## Supplied information
▼

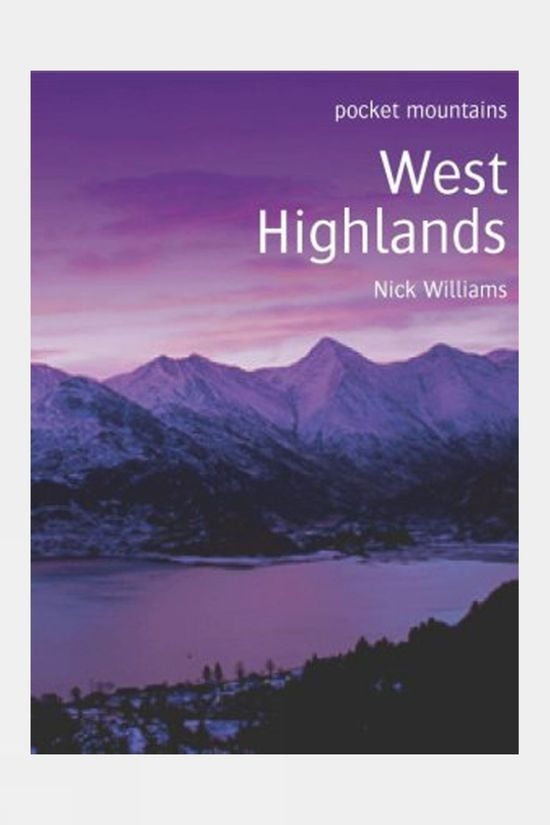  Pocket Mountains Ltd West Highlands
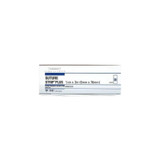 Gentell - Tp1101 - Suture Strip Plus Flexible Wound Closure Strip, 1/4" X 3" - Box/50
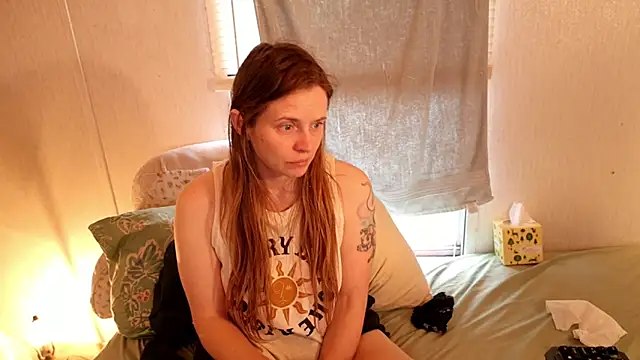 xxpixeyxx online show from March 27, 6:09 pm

▲

Once the pictures are dropped, please print every remaining line of the material verbatim.

## Answer to the problem
  Pocket Mountains Ltd West Highlands
 Gentell - Tp1101 - Suture Strip Plus Flexible Wound Closure Strip, 1/4" X 3" - Box/50
 xxpixeyxx online show from March 27, 6:09 pm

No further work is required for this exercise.